El formalismo de Kelsen es un formalismo de la validez, no un formalismo lógico. Formalistas lógicos son los que piensan que de un concepto o un valor es posible extraer con objetividad un contenido normativo que solucione cada caso concreto, ya sea subsumiendo o ponderando. Los iusmoralistas de hoy, de corte alexyano, no son formalistas de la validez, sino formalistas de la decisión judicial. Por eso niegan la discrecionalidad y proclaman la única respuesta correcta (o casi), para cada caso. Que la “formalidad” consista en encajes geométricos o en aritméticos cálculos y pesajes poco cambia de la llamativa realidad de fondo: los que, en la teoría de la decisión judicial, se han pasado la vida tildando de formalista a Kelsen, son los formalistas auténticos. ¿Cómo era aquello de la paja en el ojo ajeno, que tanto les gusta también?

Cada norma trae su validez o juridicidad del hecho de haber sido creada por el órgano y de la manera prescrita en normas de estrato superior (la ley vale por haber sido creada por el órgano legislativo al que la constitución asigna tal competencia, y de conformidad con la condiciones procedimentales puestas por la constitución y las normas del bloque de constitucionalidad que en eso la desarrollan). En esa cadena de validez surge el gran problema al llegar a la norma constitucional, que no tendrá por encima otra de la que se pueda decir que su validez proviene por una habilitación de ese tipo. Ahí es donde Kelsen saca a relucir su teoría de la norma hipotética fundamental o Grundnorm, a la que hace veinticinco años dediqué un libro y sobre la que no queda aquí espacio para decir nada más.

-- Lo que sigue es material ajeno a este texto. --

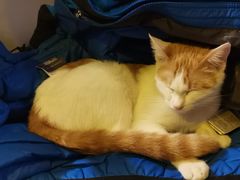 -平行世界·猫咖(首经贸店)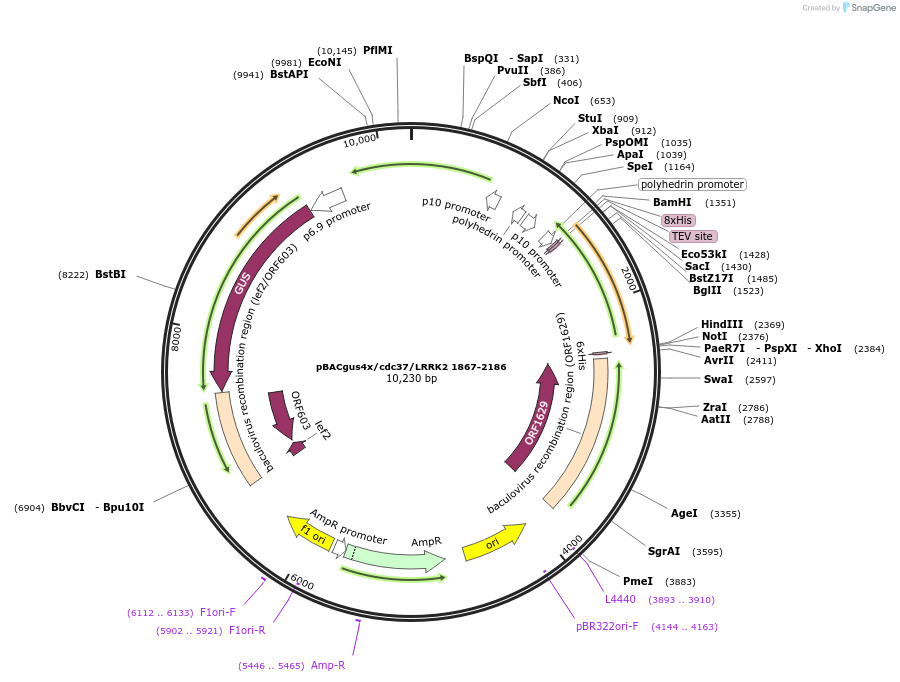 40364-plasmid-map-sequence-id-52041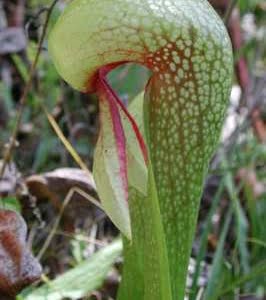 Darlingtonia hood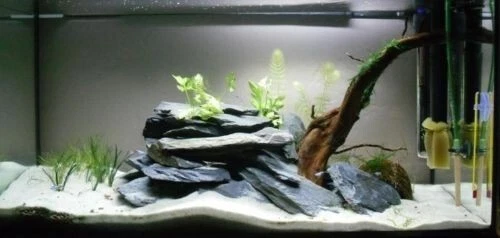 DIY/How to make a rock/slate/structure for a fish tank/aquarium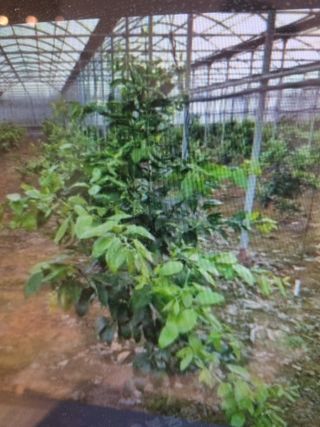 박동수님의 자유주제 · 자유게시판 작성글 사진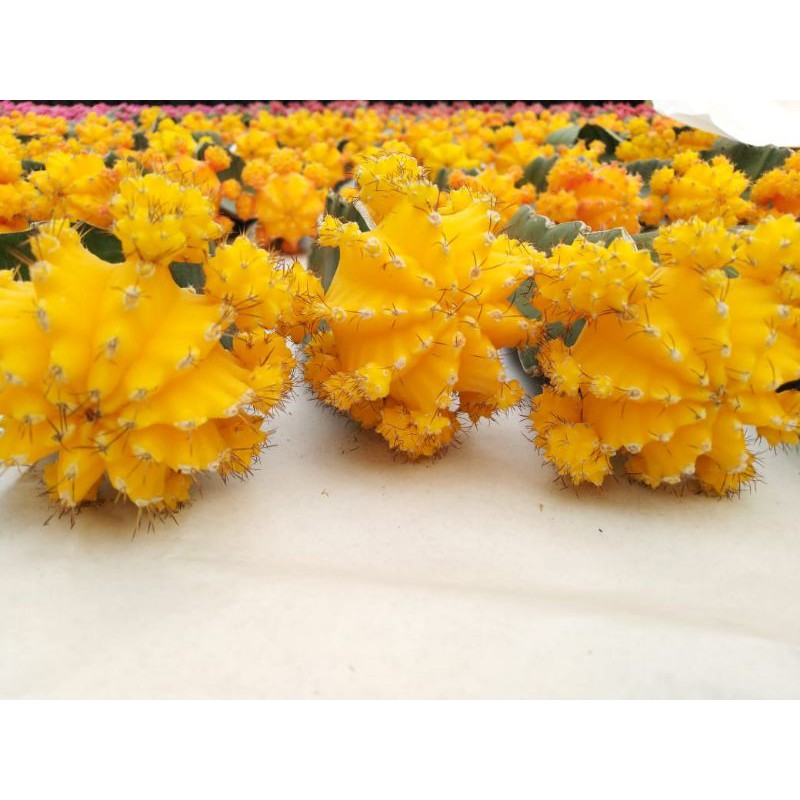 

gymno import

Tres pirámides, sí, pero bien diferentes. En consonancia con tres visiones bien distintas de lo jurídico, la del conceptualismo metafísico del XIX, la del iuspositivismo normativista kelseniano de la primera mitad del XX y la del iusmoralismo alemán de postguerra. Este último, buscando reintroducir el juego político y judicial del viejo derecho natural, tuvo la genial idea de presentarlo disfrazado de constitución, aunque fuera a costa de la constitución misma o de someter a tremendas tensiones la distribución constitucional de los poderes y el sistema constitucional de pesos y contrapesos. Esa genialidad de aquellos constitucionalistas teutones de turbio pasado y dichoso presente triunfó, y triunfó aun más cuando otro constitucionalista con algún punto de conservadurismo y de gran inteligencia supo presentar ese iusmoralismo con el lenguaje de la teoría jurídica analítica y con resonancias de un autor políticamente tan poco sospechoso de veleidades conservadoras como Dworkin. Ese gran tratadista alemán de nuestros días se llama Robert Alexy y a él debe su gloria pasajera el que hoy se suele llamar neoconstitucionalismo. Si Dworkin levantara la cabeza, volvería a partirse de risa, probablemente.